Angehoben werden die Schwellenwerte - das ist hier
schon gesagt worden - für diese Eingruppierung in die
drei Größenklassen hinsichtlich der Merkmale Bilanzsumme und Umsatzerlöse. Für kleine Kapitalgesellschaften wird der Schwellenwert bei der Bilanzsumme
von 4,84 Millionen Euro auf 6 Millionen Euro erhöht,
für mittelgroße Kapitalgesellschaften auf 20 Millionen
Euro. Die Schwellenwerte für das Merkmal Umsatzerlöse
werden für kleine Kapitalgesellschaften von 9,68 Millionen Euro auf 12 Millionen Euro erhöht und für mittelgroße Kapitalgesellschaften auf 40 Millionen Euro.

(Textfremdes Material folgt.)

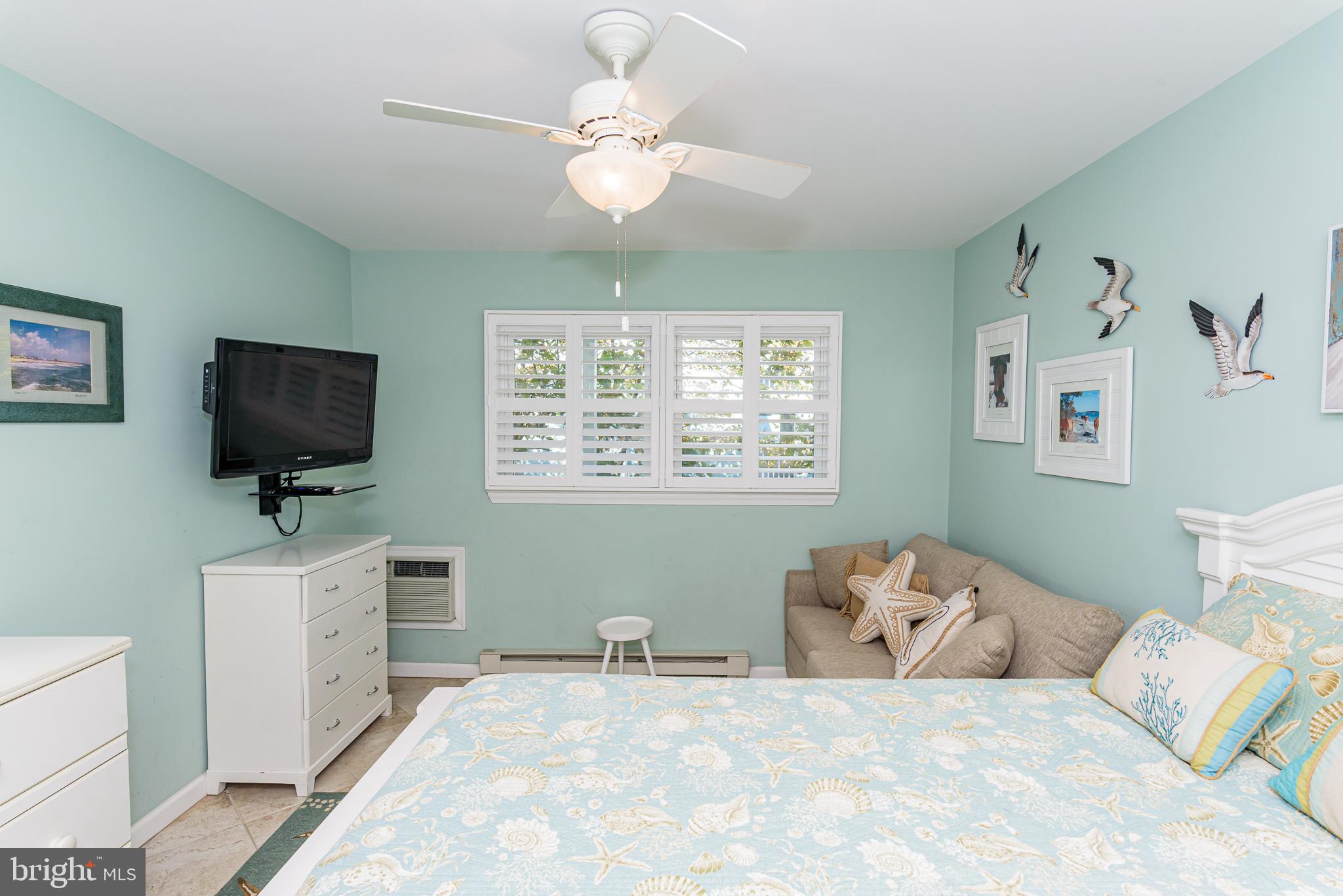 7601 Atlantic Avenue, Unit 3 Ocean City, MD 21842 - Photo 48 of 52 a bedroom with a bed and a flat screen tv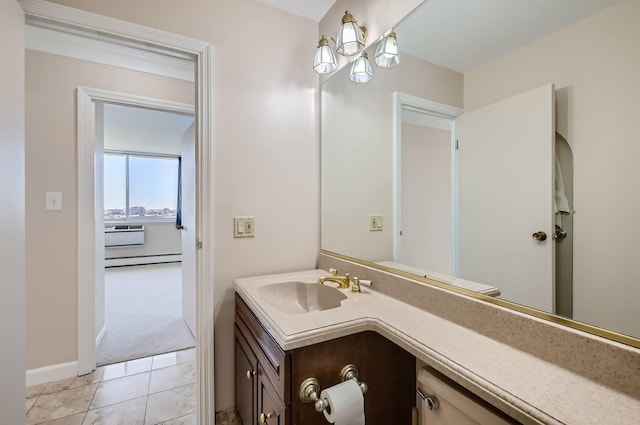 bathroom with tile patterned floors, a baseboard heating unit, baseboards, and vanity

Die Schwellenwerte für die Befreiung von den Konzernrechnungslegungspflichten werden ebenfalls angehoben. Das Merkmal Bilanzsumme wird dort auf
20 Millionen bzw. 24 Millionen Euro erhöht, das Merkmal Umsatzerlöse auf 40 Millionen bzw. 48 Millionen
Euro.
Diese Anhebung der Schwellenwerte führt im Ergebnis dazu, dass circa 7 000 Unternehmen, die bisher als
mittelgroß eingestuft wurden, nunmehr als kleine Kapitalgesellschaften gelten. Für diese Unternehmen bedeutet das eine erhebliche Entlastung. Zum Beispiel müssen
kleine Kapitalgesellschaften - das ist hier ebenfalls bereits gesagt worden - ihren Jahresabschluss anders als
mittelgroße Kapitalgesellschaften nicht extern von einem Wirtschaftsprüfer prüfen lassen. Das ist eine große
Erleichterung. Im Übrigen sind auch die Offenlegungspflichten kleiner Kapitalgesellschaften generell geringer.
Liebe Kolleginnen und Kollegen, die Anhebung von
Schwellenwerten beschränkt sich also nicht bloß auf die
Änderung von Zahlenwerten. Es handelt sich um eine
handfeste Mittelstandsförderung. Die kleinen und mittelständischen Unternehmen werden hinsichtlich ihrer
Bilanzierungspflichten signifikant entlastet.
({1})
Der Mittelstand, also die kleinen und mittelständischen Unternehmen, sind tragende Säulen unserer Wirtschaft. Wirtschaftspolitik - ob nun auf europäischer
Ebene oder auf Bundesebene - muss bei der Gesetzgebung besonders auf die Interessen des Mittelstandes achten. Die wirtschaftliche Prosperität unseres Landes hängt
maßgeblich vom Erfolg unserer kleinen und mittelständischen Unternehmen ab.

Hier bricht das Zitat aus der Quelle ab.